PROJECT
Cyber Tables Python Module
Overview
When 2025 started, I decided to set some structured goals for myself and among them was to conduct a number of data analysis for the year. To spice things up, I also set the goal of conducting a data analysis in Python without using Pandas. To accomplish this, I realised that I could use the opportunity to create my own pandas – my own data analysis module. Make my own is exactly what I did!
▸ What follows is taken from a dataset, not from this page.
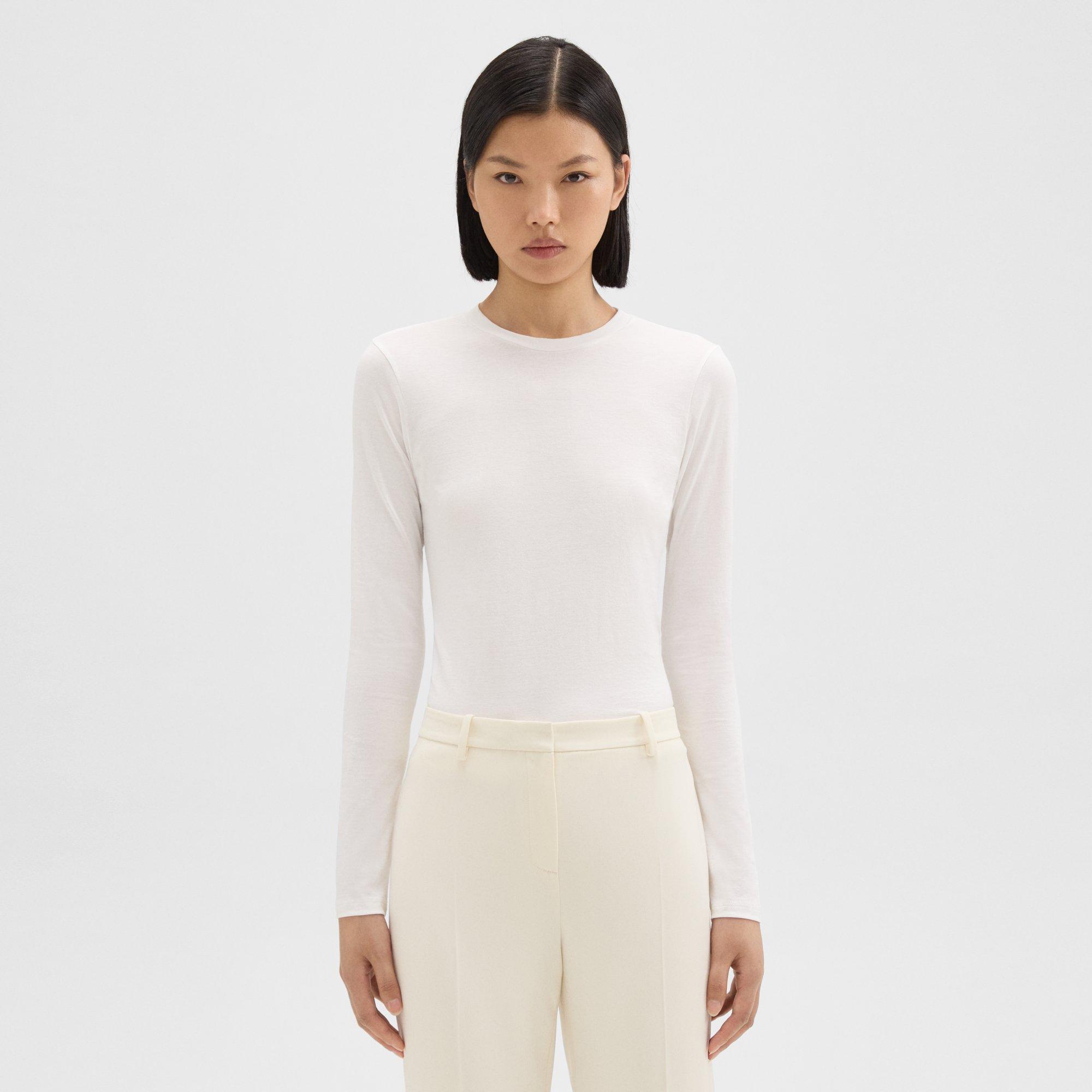 Shop Theory Tiny Long-sleeve Tee In Organic Cotton In White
In this project, I’ll take you through my new data analysis module in Python, how it works, the syntax, and where you can download it yourself!
Development
2025-06-21 – First build released and this website page began to be written. Uploaded to GitHub.
Next plans:
- Add easier ways to lock and unlock a column data type
- Replace code with functions written after the fact during development
- Add in type annotation
- Add more column calculations & aggregations
- Find and iron out bugs with current version
- Write GitHub documentation
Location on GitHub
My scripts are on my public script GitHub:
To use this, simply download it and place it in your site-packages folder and import it as normal. In the future, I may try and get this legitimately installable via pip. The site packages folder can be found by importing a normal module and printing the __file__ property.
Reading in a CSV and saving back to one
I’ve built this to be as compact as it can be. To open a csv, you can simply use open_csv(location) and cyber_tables will take care of the rest, including auto-detecting data types and replacing empty entries with “NULL”, and cleaning strings.
Structure
A table is made up of three classes:
CyberTable – The main object that contains all of the information, such as column indexes and objects, and row indexes and objects
Column – An object for a single column that tracks the index, name and data type of the column
Row – An object for each row, containing an index and a list of items
There is a fourth class: CyberTableGroup.
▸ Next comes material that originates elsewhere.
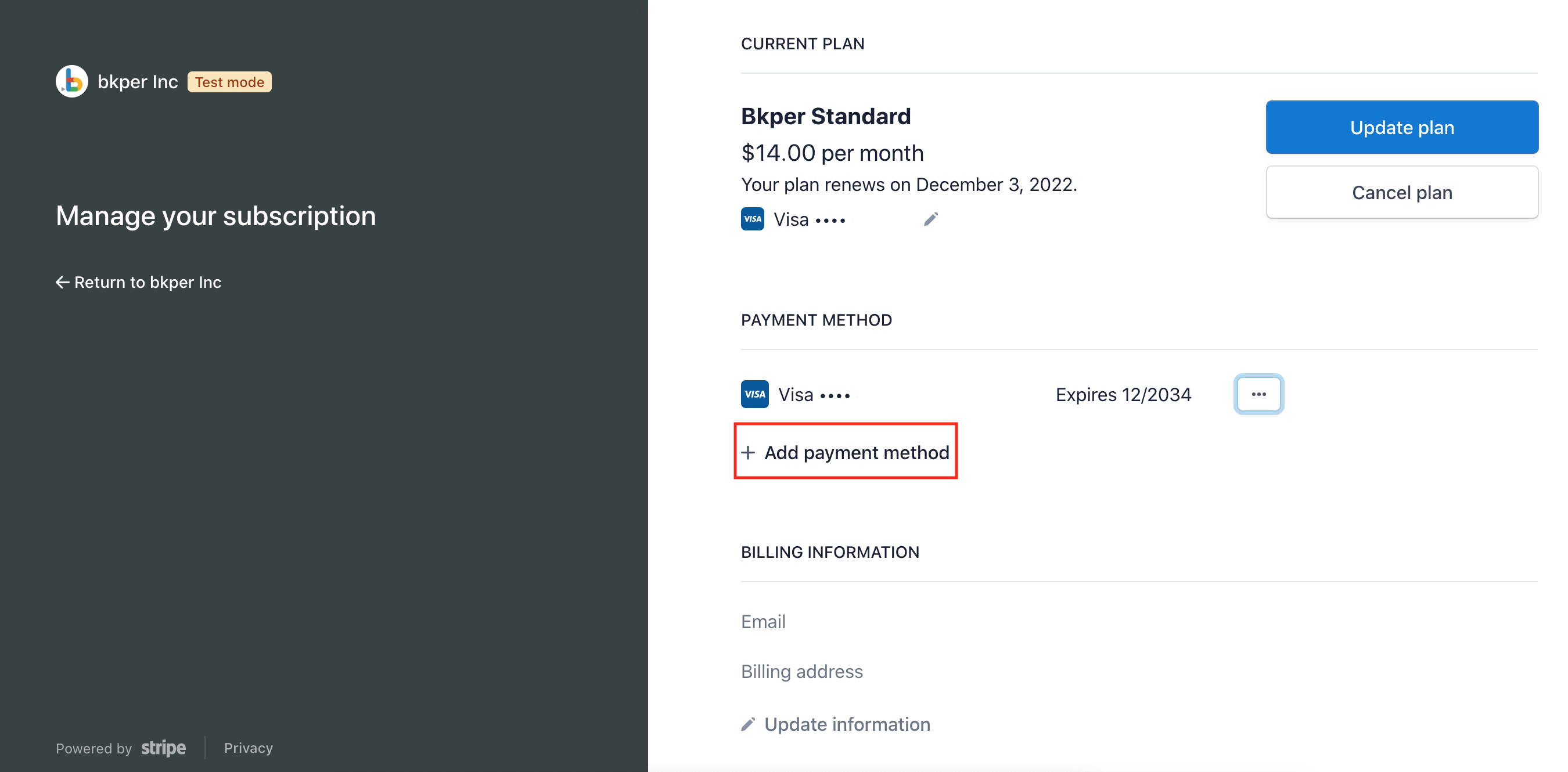 Bkper Billing page showing the Add payment method option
This class is an object with columns like a normal table, but contains within it a list of table objects as well as specific functions that allow you to perform tasks on all tables within the group. You don’t need to actually implement this – the cyber table functions should use this in the background, but it may provide some use if used manually.
There are 7 data types:
- string
- int
- decimal
- bool
- date
- datetime
- NULL
Table information & returning column data
Here are some functions that give you an overview of the data in the table and the structure of the object.
The following four functions will print the table rows from the top, bottom, a random selection, or the entire table.
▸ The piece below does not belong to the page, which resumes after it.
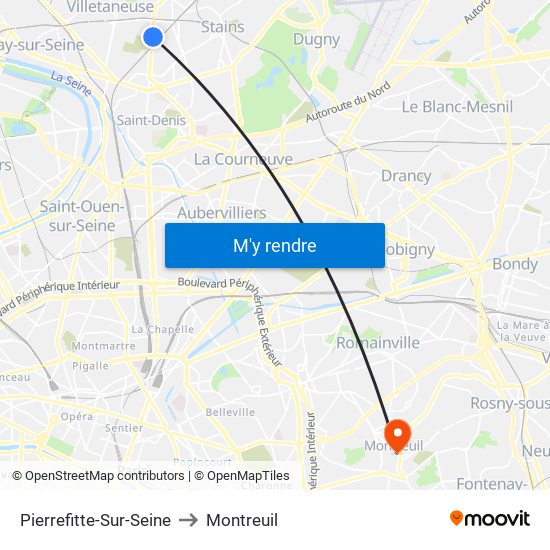 Pierrefitte-Sur-Seine to Montreuil map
Print structure will give you an overview of the table object, columns, and the rows.
Print columns will simply print the column indexes, names and data types.
You can also return all data in a column as a list. The default argument will be for the column index, but I’ve built it to accept either the index or the column name. If both are given (why would you do that?) it will prioritise the index.
Returning sub tables
Sub tables are simply normal cyber tables that have been reduced by column or row count.
You can return a new cyber table object with only the specified columns by index or name. All inputs must be in a list.
You can also return a new cyber table where all filter conditions are found to be true. In the example below, it will return all rows where column index 0 = True, column index 1 = 0, and column index 2 = “Dragon”. All inputs must be in a list.
You can make a duplicate of your current cyber table with return_copy().
Column-specific code
In cyber_tables, all columns are a Column object. There are some functions that you can use to alter, add and remove columns.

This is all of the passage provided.